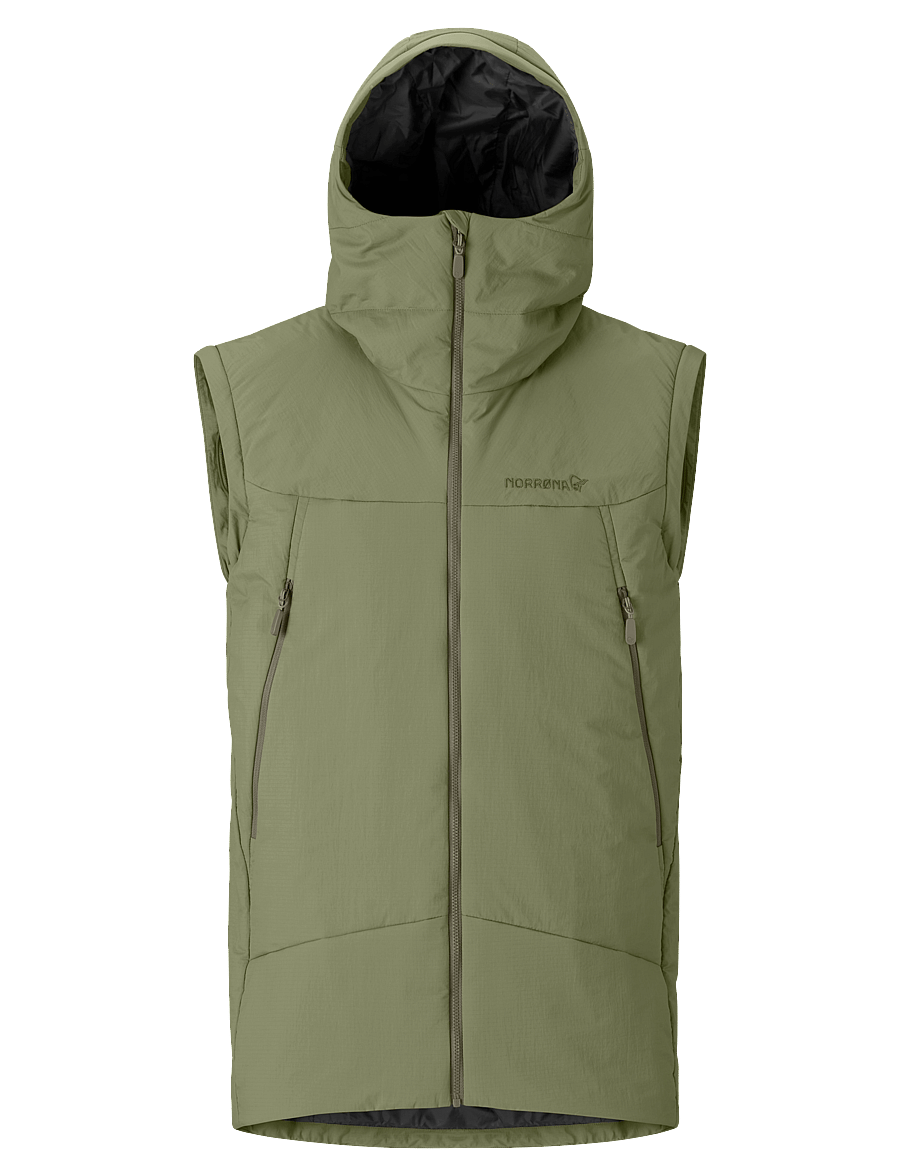 Norrøna - møre thermo60 aero200 Jacket M's - skijakker - deep lichen green - 5
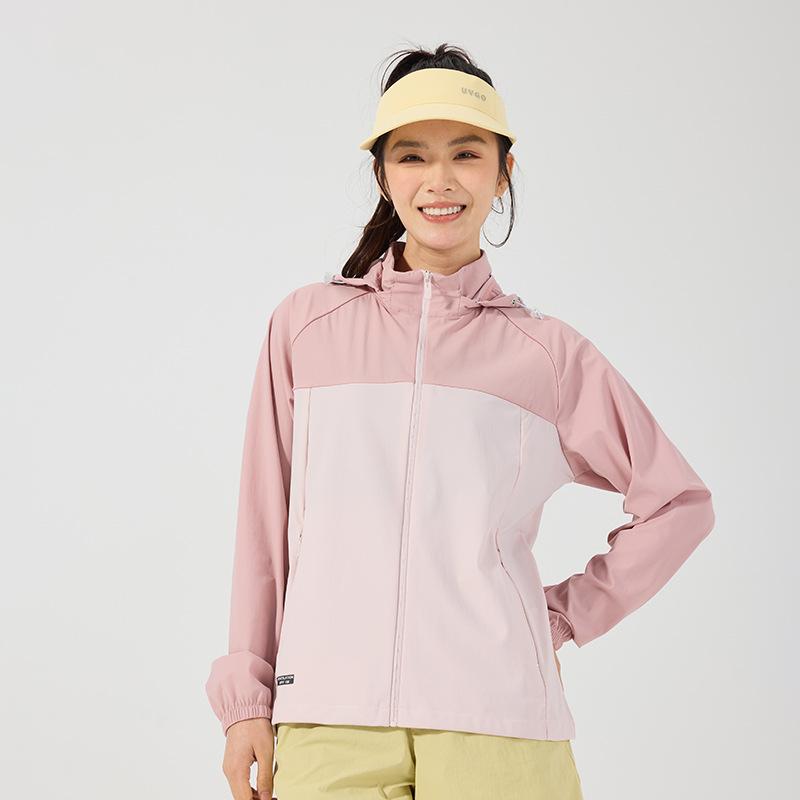 Ice silk sunscreen clothes women's summer thin UV protection outdoor 1011 new skin clothes cool breathable fishing jacket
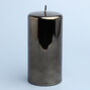 Grey Glass Effect Candles By G Decor, thumbnail 4 of 6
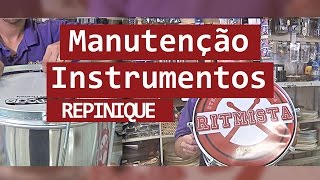 Manutenção de Instrumentos  03  Repinique [upl. by Llevram519]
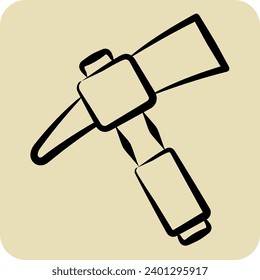 Icono Elija hacha. relacionado con el símbolo Construcción. estilo dibujado a mano. diseño simple editable. ilustración simple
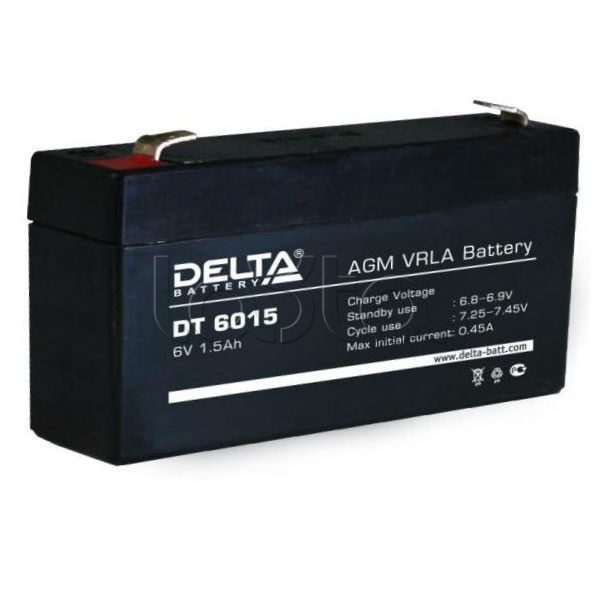 Аккумулятор свинцово-кислотный Delta DT 6015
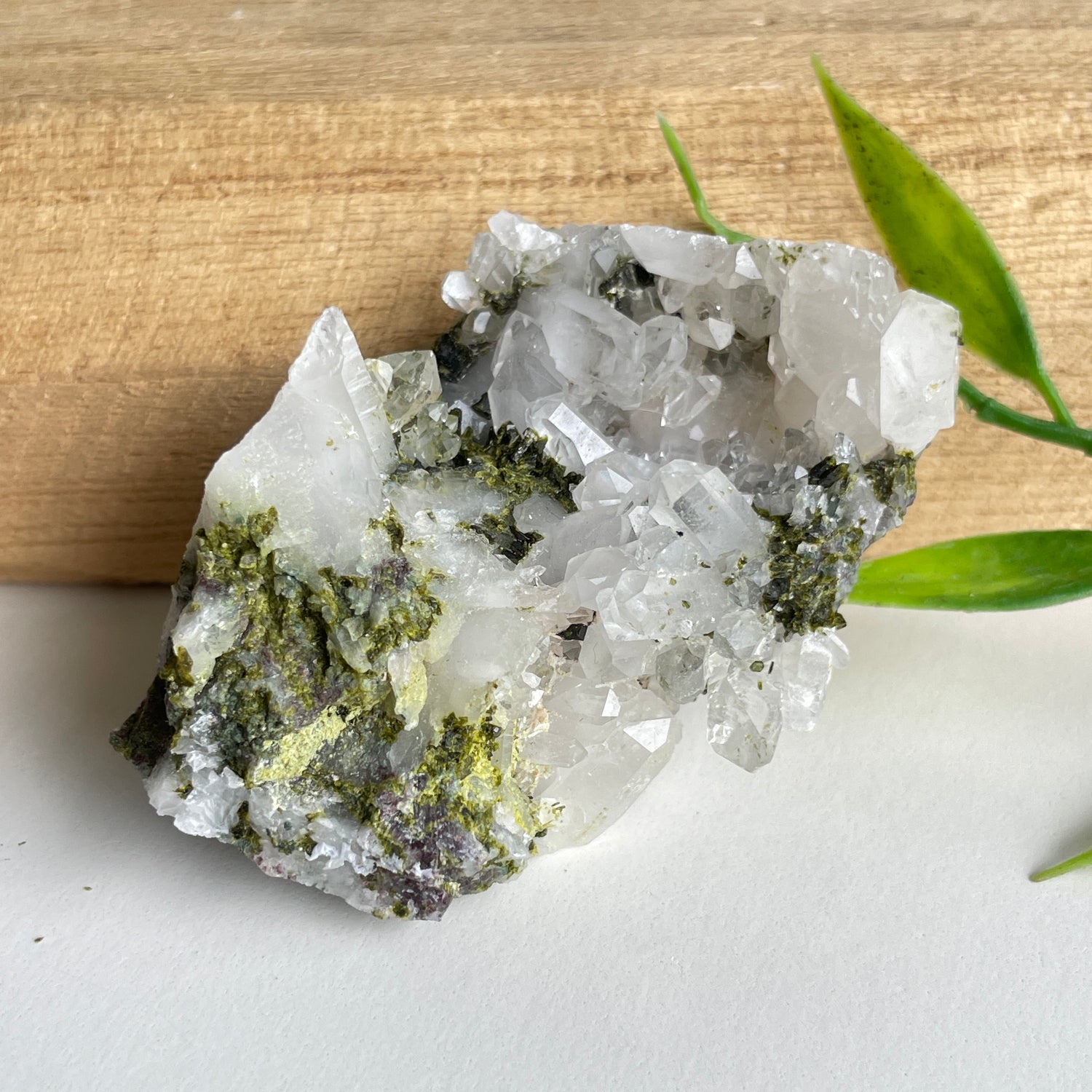 Epidote & Quartz Cluster 38g - High Quality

--- --- ---

# [What the task requires]
Without the pictures, give the entries above back exactly.

# [Answer area]
 Norrøna - møre thermo60 aero200 Jacket M's - skijakker - deep lichen green - 5
 Ice silk sunscreen clothes women's summer thin UV protection outdoor 1011 new skin clothes cool breathable fishing jacket
 Grey Glass Effect Candles By G Decor, thumbnail 4 of 6
 Manutenção de Instrumentos  03  Repinique [upl. by Llevram519]
 Icono Elija hacha. relacionado con el símbolo Construcción. estilo dibujado a mano. diseño simple editable. ilustración simple
 Аккумулятор свинцово-кислотный Delta DT 6015
 Epidote & Quartz Cluster 38g - High Quality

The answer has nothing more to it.